§ Task to complete
What is needed is every line, exactly as given, from the line containing "民族女性によるポットで洗米 Closeup — ストック動画" through the end of the data below.

§ Given information
========================

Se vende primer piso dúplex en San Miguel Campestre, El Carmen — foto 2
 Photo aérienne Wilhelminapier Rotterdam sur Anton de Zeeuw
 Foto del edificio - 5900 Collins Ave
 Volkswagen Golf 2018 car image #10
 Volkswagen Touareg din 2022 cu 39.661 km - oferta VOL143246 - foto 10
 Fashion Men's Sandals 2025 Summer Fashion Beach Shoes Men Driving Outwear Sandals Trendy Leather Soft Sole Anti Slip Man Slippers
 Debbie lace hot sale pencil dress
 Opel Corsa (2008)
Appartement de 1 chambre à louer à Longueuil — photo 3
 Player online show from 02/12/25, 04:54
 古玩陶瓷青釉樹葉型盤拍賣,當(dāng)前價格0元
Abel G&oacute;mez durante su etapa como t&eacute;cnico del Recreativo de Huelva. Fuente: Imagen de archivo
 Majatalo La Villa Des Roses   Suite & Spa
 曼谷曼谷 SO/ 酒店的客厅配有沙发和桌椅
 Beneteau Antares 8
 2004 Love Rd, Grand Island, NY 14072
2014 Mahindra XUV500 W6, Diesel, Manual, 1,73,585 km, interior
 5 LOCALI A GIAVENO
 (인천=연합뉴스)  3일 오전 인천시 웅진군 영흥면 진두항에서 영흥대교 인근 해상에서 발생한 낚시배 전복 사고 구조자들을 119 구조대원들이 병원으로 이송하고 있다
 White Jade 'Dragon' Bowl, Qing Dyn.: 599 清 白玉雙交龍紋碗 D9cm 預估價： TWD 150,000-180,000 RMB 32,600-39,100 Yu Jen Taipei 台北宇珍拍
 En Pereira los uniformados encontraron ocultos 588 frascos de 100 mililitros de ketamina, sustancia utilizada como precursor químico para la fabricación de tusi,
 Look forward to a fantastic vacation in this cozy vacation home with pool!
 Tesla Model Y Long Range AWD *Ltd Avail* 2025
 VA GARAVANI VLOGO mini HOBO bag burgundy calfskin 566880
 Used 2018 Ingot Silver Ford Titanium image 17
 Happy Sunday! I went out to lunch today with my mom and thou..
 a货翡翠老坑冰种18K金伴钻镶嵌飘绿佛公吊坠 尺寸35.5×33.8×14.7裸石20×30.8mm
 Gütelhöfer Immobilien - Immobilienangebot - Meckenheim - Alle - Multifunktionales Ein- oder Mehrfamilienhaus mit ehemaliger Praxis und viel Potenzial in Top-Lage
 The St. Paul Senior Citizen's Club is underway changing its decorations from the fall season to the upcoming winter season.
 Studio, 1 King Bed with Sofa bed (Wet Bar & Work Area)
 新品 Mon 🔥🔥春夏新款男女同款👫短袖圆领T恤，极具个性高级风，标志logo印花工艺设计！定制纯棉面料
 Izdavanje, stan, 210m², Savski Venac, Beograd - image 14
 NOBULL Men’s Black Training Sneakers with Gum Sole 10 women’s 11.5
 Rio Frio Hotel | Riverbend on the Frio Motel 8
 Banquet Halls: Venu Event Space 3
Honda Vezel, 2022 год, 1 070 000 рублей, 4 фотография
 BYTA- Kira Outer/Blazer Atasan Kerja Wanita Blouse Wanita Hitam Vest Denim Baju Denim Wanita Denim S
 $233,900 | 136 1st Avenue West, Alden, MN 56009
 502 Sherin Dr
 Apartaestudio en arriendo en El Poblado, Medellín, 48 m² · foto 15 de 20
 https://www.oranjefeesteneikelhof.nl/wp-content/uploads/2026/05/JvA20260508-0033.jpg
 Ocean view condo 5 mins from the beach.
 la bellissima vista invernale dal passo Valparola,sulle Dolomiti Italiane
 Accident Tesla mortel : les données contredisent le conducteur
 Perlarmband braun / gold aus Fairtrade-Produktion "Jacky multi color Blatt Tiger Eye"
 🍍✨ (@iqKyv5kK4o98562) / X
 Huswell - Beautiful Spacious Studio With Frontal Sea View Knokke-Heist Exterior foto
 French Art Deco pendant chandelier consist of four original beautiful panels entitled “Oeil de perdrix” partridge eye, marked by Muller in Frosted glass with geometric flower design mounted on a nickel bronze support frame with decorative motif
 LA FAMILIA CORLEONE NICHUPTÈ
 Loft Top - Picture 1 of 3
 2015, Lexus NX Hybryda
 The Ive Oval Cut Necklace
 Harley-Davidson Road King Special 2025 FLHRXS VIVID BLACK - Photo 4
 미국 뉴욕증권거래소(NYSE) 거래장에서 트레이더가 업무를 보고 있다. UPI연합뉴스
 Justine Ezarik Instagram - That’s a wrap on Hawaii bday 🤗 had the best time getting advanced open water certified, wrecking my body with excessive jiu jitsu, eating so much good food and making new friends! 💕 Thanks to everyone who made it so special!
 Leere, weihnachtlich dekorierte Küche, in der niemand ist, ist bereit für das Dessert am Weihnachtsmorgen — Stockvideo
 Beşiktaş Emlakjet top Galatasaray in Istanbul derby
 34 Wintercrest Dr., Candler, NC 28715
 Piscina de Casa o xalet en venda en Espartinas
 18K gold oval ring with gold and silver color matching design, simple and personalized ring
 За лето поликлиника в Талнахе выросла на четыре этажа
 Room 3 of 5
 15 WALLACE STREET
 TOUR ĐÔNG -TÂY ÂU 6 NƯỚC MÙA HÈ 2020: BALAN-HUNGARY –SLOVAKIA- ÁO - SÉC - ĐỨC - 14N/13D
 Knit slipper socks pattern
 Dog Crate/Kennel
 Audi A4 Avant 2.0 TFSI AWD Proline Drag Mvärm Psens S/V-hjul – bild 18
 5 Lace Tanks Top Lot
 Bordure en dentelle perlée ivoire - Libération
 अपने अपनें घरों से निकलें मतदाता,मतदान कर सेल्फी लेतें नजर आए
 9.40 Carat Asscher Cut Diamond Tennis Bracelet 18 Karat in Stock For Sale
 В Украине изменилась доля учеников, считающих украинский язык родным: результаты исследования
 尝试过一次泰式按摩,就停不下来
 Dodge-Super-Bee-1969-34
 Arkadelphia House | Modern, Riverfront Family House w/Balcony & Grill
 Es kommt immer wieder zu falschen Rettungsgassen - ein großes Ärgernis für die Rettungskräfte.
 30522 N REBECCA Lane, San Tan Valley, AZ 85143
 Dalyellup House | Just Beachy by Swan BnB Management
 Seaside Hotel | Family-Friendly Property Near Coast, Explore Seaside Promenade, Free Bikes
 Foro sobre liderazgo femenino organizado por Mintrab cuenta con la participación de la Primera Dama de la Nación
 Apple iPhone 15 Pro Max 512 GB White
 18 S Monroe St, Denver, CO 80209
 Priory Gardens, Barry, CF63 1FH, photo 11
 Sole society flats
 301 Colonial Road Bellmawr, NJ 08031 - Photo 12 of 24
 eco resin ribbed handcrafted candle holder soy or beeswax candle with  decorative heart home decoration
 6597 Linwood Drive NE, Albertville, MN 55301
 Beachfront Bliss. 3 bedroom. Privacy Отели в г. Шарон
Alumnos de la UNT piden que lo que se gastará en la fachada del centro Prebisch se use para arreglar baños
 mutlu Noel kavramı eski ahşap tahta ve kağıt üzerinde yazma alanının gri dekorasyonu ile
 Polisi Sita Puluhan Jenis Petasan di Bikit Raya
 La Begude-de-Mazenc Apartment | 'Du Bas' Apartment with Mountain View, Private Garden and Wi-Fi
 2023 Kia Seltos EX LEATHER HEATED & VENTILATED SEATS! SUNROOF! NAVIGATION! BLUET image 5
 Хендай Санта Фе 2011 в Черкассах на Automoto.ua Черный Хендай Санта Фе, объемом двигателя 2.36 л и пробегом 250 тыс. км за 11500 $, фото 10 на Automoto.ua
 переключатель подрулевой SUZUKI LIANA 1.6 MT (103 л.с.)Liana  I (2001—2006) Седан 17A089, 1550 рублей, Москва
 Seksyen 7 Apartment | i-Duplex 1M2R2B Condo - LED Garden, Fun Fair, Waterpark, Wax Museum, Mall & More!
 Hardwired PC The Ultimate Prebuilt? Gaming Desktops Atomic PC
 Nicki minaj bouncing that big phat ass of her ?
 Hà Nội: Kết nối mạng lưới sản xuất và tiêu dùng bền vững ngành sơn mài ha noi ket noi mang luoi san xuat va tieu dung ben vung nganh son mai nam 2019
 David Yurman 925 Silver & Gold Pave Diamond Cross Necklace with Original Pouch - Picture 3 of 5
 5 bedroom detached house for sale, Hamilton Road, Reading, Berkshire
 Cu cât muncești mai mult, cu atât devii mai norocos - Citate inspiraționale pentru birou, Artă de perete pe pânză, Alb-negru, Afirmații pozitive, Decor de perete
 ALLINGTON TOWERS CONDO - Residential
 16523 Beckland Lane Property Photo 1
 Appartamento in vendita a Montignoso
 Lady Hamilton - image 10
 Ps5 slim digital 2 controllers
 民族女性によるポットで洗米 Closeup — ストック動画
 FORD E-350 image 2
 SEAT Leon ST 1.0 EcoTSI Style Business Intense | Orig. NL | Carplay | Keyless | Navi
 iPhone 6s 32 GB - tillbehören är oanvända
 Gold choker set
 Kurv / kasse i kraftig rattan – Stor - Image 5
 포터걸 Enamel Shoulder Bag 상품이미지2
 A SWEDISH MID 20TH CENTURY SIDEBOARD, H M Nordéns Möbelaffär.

========================

§ Exercise solution
 民族女性によるポットで洗米 Closeup — ストック動画
 FORD E-350 image 2
 SEAT Leon ST 1.0 EcoTSI Style Business Intense | Orig. NL | Carplay | Keyless | Navi
 iPhone 6s 32 GB - tillbehören är oanvända
 Gold choker set
 Kurv / kasse i kraftig rattan – Stor - Image 5
 포터걸 Enamel Shoulder Bag 상품이미지2
 A SWEDISH MID 20TH CENTURY SIDEBOARD, H M Nordéns Möbelaffär.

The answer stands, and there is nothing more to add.